Kyrgyzstan’s uneasy return to memory

Source: Meduza
Nezir Aliyev / Anadolu Agency / ABACAPRESS / ddp images / Vida Press

Story by Charlotte Delmas for The Beet. Edited by Eilish Hart.

In Kyrgyzstan, Russia’s all-out war against Ukraine has inspired a reexamination of the Soviet Union’s violent legacy. For some, this process began decades ago, with the advent of Mikhail Gorbachev’s policy of Glasnost. But more than 30 years after Kyrgyzstan gained independence, it remains an uphill battle. Though the war may have strained ties between Bishkek and Moscow, public criticism of the former metropole remains taboo. Meanwhile, initiatives aimed at amending Kyrgyzstan’s law on rehabilitating victims of Soviet-era repressions and declassifying relevant archives appear to have stalled. According to local historians, however, people are looking to the past for answers nonetheless. Freelance journalist Charlotte Delmas reports for The Beet. 

This story first appeared in The Beet, a weekly email dispatch from Meduza covering Central and Eastern Europe, the Caucasus, and Central Asia. Sign up here to get the next issue delivered directly to your inbox.

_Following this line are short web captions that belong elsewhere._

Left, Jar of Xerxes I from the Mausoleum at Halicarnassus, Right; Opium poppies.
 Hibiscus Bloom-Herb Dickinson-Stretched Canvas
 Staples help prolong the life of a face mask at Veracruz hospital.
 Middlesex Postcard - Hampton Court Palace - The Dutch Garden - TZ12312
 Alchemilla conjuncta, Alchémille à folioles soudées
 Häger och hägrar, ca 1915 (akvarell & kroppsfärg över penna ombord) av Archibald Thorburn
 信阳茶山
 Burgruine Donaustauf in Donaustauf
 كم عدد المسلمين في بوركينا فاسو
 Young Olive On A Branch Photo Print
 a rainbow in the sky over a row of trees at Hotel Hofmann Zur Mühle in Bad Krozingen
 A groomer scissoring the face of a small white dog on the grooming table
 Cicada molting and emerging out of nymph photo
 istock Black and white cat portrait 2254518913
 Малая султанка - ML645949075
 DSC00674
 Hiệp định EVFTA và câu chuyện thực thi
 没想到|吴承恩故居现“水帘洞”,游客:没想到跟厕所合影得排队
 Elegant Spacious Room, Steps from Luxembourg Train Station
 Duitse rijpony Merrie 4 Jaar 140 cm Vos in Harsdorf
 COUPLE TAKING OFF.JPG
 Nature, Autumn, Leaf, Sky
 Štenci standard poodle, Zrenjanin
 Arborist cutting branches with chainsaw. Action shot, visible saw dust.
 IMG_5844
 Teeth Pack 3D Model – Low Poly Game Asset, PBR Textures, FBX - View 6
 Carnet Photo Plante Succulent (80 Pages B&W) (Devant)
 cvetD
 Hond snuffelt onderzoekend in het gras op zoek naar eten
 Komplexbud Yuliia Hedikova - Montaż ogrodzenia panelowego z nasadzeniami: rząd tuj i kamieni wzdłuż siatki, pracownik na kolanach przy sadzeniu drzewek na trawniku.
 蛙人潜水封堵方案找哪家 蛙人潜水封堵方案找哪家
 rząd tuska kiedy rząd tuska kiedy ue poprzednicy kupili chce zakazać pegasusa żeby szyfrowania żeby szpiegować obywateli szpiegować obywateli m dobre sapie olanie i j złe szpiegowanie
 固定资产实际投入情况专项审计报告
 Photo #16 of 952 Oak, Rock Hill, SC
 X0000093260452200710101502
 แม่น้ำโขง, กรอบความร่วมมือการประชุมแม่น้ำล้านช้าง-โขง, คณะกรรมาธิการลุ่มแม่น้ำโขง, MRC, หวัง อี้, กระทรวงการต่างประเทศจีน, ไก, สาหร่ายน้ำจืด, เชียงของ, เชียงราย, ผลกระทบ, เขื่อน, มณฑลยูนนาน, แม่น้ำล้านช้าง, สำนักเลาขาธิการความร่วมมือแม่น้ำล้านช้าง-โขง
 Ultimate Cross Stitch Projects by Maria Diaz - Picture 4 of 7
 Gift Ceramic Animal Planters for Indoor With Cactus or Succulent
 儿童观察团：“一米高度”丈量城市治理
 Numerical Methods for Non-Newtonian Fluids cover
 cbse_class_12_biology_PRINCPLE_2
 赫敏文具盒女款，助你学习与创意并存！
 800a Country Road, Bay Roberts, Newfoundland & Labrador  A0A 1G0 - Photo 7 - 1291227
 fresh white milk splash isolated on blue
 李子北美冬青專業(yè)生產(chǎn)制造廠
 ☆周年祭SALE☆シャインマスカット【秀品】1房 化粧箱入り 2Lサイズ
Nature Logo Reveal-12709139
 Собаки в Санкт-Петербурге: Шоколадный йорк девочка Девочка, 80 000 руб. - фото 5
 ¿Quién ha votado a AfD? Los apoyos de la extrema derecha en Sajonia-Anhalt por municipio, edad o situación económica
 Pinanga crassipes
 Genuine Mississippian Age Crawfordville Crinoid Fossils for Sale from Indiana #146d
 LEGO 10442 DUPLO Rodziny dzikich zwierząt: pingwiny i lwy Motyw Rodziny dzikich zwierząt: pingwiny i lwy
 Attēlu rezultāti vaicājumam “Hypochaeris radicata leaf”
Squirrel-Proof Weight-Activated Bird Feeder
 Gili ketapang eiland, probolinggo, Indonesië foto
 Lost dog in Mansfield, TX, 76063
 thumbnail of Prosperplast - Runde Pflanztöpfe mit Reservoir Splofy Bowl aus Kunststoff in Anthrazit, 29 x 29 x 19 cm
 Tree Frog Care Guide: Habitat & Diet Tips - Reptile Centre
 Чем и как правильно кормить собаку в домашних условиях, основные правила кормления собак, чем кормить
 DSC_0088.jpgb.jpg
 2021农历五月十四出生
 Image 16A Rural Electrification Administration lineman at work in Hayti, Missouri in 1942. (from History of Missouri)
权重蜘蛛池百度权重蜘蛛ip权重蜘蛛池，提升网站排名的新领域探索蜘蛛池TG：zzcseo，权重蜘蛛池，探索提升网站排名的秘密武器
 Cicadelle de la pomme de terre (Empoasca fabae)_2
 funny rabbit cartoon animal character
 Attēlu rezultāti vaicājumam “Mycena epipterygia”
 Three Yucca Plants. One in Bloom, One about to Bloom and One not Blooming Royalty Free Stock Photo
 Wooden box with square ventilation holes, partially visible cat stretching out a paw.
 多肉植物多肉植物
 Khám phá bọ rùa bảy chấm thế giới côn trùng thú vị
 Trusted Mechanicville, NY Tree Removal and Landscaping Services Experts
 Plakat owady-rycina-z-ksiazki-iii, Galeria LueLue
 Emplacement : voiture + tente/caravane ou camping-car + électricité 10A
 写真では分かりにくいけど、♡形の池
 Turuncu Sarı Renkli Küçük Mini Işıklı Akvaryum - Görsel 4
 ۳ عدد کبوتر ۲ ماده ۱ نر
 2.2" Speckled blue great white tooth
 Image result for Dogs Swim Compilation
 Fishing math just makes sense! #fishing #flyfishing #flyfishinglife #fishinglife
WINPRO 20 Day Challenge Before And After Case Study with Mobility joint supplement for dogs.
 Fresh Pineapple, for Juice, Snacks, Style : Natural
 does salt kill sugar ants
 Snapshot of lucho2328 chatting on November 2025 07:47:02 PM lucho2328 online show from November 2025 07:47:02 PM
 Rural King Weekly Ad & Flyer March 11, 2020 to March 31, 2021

I find Bolot Abdrakhmanov waiting for me with a smile on his face that almost reaches up to his midnight blue cap. “I’m always happy to talk about my work when people are interested in it,” he says. The place where he has arranged for us to meet is the Ata-Beyit memorial site, a literal result of his work, which forever changed the perception of Kyrgyzstan’s past.

Ata-Beyit, meaning “grave of our fathers” in Kyrgyz, is a memorial to Kyrgyzstan’s victims of Soviet-era repressions, located about 20 kilometers (12 miles) from the capital, Bishkek. To reach it, we have to pass through a large arch that’s supervised all day by two guards, who appear unaccustomed to seeing people visiting this solemn place. Located at the foot of a mountain range, the memorial complex overlooks the village of Chon-Tash, where Kyrgyzstan experienced some of the darkest hours of Joseph Stalin’s terror. 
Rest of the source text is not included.